Do tragedii doszło w święto Chrztu Pańskiego w Petersburgu. W czasie organizowanej tego dnia w Rosji rytualnej kąpieli na oczach 10-letniego syna i męża zginęła 41-letnia Maria. Kobieta zanurkowała w lodowatej wodzie i nie wypłynęła na powierzchnię. Mimo natychmiast rozpoczętej akcji ratunkowej, Rosjanka utonęła.

19 stycznia w Kościele Prawosławnym obchodzono Święto Jordanu, z którym związany jest zwyczaj trzykrotnego zanurzenia się w wodzie, mającego symbolizować oczyszczenie z grzechów. Do tragedii doszło w czasie takiego obrzędu celebrowanego w Petersburgu.

41-letnia Maria zanurkowała w lodowatej wodzie i nie wypłynęła. Uczestnicy obrzędu próbowali pomóc kobiecie, jednak nie udało się jej uratować. Płetwonurkowie przez wiele godzin bezskutecznie poszukiwali jej ciała.
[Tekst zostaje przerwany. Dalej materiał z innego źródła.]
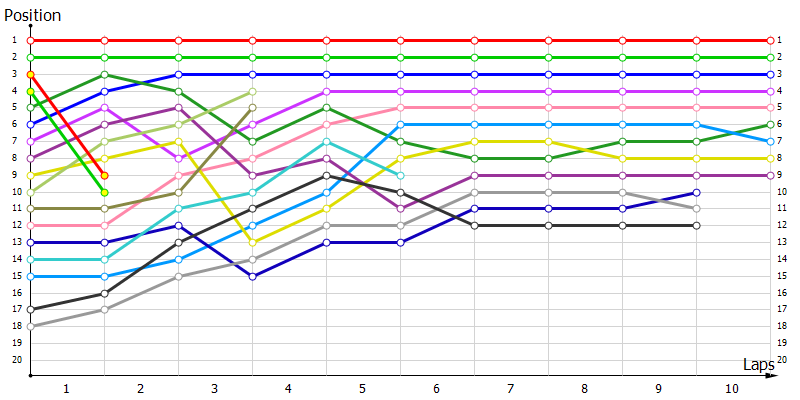 Positions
- „Mamo! Mamo! Gdzie jest mama?”

- krzyczy 10-letni Igor, syn kobiety na opublikowanym na YouTubie nagraniu ze zdarzenia.

- „Kąpiel w tym miejscu nie była uzgodniona z władzami i kościołem. W tym samym czasie, w pobliżu tego miejsca, znajdowała się oficjalna chrzcielnica, którą zabezpieczała policja i karetka pogotowia”

- wyjaśnia miejscowy duszpasterz.

Duchowny podkreśla, że Rosyjska Cerkiew Prawosławna co roku apeluje do wiernych, aby nie ryzykowali życia nurkując w lodowatej wodzie.